Todo esto tiene especial relevancia cuando hablamos de personas que viven de un sueldo público, claro. En este caso, me parece que se debe ser especialmente cuidadoso. Me refiero a no perder nunca de vista de dónde proceden los fondos con los que se satisface la nómina, por ejemplo, de un cargo electo. Vienen de la caja común, o sea, de la que sufragamos todos los contribuyentes. Todos, insisto, no sólo sus votantes. Quiero decir que a un concejal no le dan de comer los electores que depositaron en la urna una papeleta encabezada por el logo de su partido político, sino todos los vecinos que pagan impuestos.
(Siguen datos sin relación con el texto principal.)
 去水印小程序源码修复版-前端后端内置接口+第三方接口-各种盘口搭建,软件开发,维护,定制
Olvidar esta obviedad, a parte de evidenciar una escasa cultura democrática, acarrea otra consecuencia aún peor: el convencimiento de que sólo se debe responder ante tus propios votantes, que las obligaciones en el cargo público son frente a ellos, y que por tanto no debe responder de sus actos ante el resto de ciudadanos que, aprueben o no esos actos, tienen obligación de pagar el IBI, entre otros impuestos municipales.
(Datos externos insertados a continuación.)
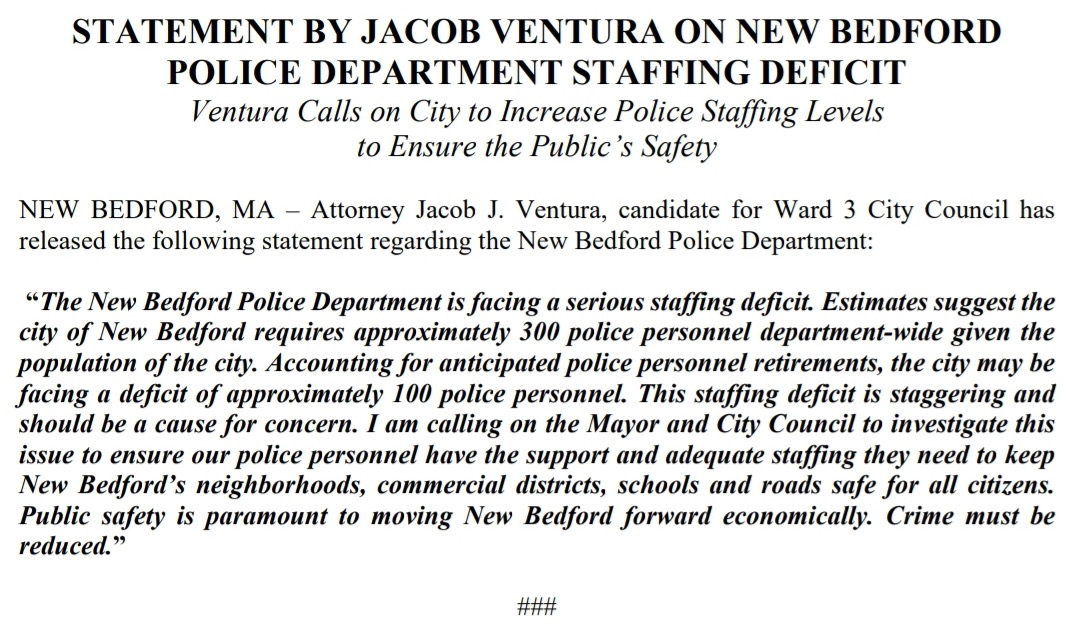Jacob Ventura on Police Department Staffing Deficit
Cuando la regidora de Unidas Podemos, Lucía Muñoz, declara que «nuestros votantes apoyan las misiones humanitarias» para justificar su ausencia superior a un mes en la flotilla cobrando su sueldo de concejal en Palma, demuestra un conocimiento sobre el funcionamiento de la democracia similar al que enseña Hamas a los gazatíes. Con algunas diferencias, por supuesto.
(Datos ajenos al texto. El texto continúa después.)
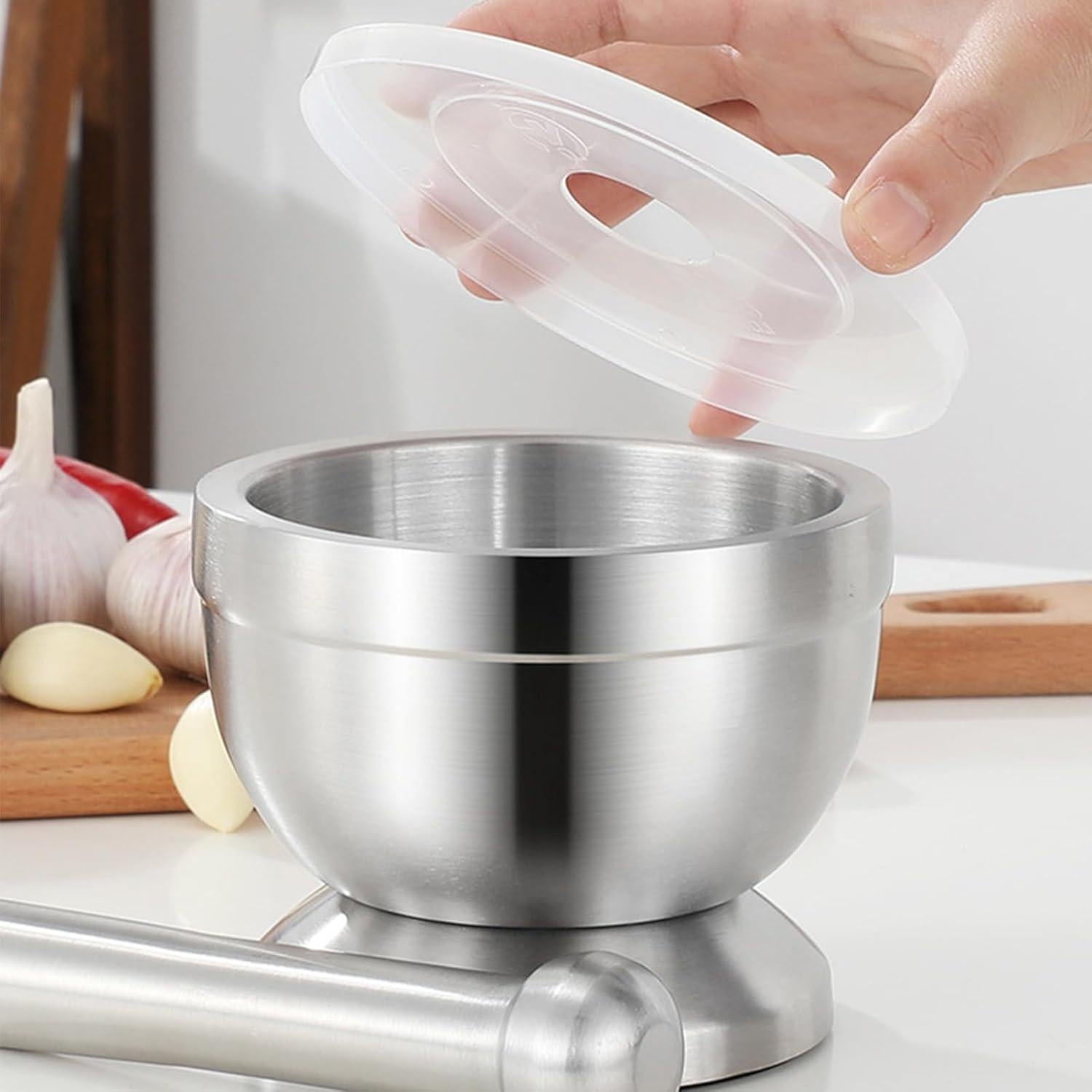 Mortero y Mano Bekith 18/8 Acero Inoxidable Cepillado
Los que pensamos que es una vergüenza cobrar del ayuntamiento sin trabajar para él, escribimos una columna de opinión, y ya. En Gaza, la gente que no está de acuerdo con Hamas no recibe una crítica en un periódico, sino un balazo en la nuca arrodillado en mitad de la calle. Podemos denuncia cada día la abundancia de jueces corruptos en España, algo que no sucede en Gaza, donde rige la justicia del kalashnikov. Permanecemos a la espera de las declaraciones de esta experta en genocidios, de momento más molesta con Jaime Martínez, el alcalde de Palma que ha denunciado su absentismo parea reclamarle la nómina, que con esas ejecuciones extrajudiciales.